# **SALES PREDICTION** 

### **Problem Statement**

Build a model which predicts sales based on the money spent on different platforms for marketing.

### Data
Use the advertising dataset given in ISLR and analyse the relationship between 'TV advertising' and 'sales' using a simple linear regression model. 

In this notebook, we'll build a **LinearRegression model, DecisionTreeResgression Model and RandomForestRegression Model** to predict `Sales` using an appropriate predictor variable.

## Reading and Understanding the Data

In [None]:
# Supress Warnings

import warnings
warnings.filterwarnings('ignore')

# Import the numpy and pandas package

import numpy as np
import pandas as pd

# Data Visualisation
import matplotlib.pyplot as plt 
import seaborn as sns

# **DATA LOADING**

The dataset contain the advertising dataset.

In [None]:
advertising = pd.DataFrame(pd.read_csv("../input/advertising.csv"))
advertising.head()

# **Exploratory Data Analysis (EDA)**
EDA stands for Exploratory Data Analysis. It is a critical step in the data analysis process that involves examining and visualizing data sets to understand their main characteristics, patterns, and relationships. The primary goal of EDA is to gain insights, detect anomalies, and inform the data modeling process.

# **1. Summarize Data:**

This involves calculating descriptive statistics such as **mean, median, mode, standard deviation,** and other relevant measures to understand the central tendency and spread of the data.

In [None]:
advertising.shape

In [None]:
advertising.columns   #total 4 columns ['TV', 'Radio', 'Newspaper', 'Sales']

In [None]:
advertising.info()   #4 features are the numerical datatype .

In [None]:
advertising.describe()

# **2. Visualisation and Insights**

In [None]:
# Checking Null values
advertising.isnull().sum()*100/advertising.shape[0]
# There are no NULL values in the dataset, hence it is clean.

In [None]:
# Outlier Analysis
fig, axs = plt.subplots(3, figsize = (5,5))
plt1 = sns.boxplot(advertising['TV'], ax = axs[0])
plt2 = sns.boxplot(advertising['Newspaper'], ax = axs[1])
plt3 = sns.boxplot(advertising['Radio'], ax = axs[2])
plt.tight_layout()

In [None]:
# There are no considerable outliers present in the data.

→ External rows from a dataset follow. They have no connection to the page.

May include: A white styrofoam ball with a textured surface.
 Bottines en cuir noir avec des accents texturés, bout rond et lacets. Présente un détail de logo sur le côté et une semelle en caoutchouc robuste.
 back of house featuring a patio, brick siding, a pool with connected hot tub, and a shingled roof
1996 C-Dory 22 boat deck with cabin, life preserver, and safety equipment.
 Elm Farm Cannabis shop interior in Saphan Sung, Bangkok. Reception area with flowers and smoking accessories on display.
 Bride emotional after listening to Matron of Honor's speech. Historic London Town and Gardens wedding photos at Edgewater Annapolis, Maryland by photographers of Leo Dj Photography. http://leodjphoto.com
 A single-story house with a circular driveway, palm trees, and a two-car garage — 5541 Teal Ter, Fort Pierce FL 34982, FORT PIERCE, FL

#### Sales (Target Variable)

In [None]:
sns.boxplot(advertising['Sales'])
plt.show()

In [None]:
# Let's see how Sales are related with other variables using scatter plot.
sns.pairplot(advertising, x_vars=['TV', 'Newspaper', 'Radio'], y_vars='Sales', height=4, aspect=1, kind='scatter')
plt.show()

In [None]:
# Let's see the correlation between different variables.
sns.heatmap(advertising.corr(), cmap="YlGnBu", annot = True)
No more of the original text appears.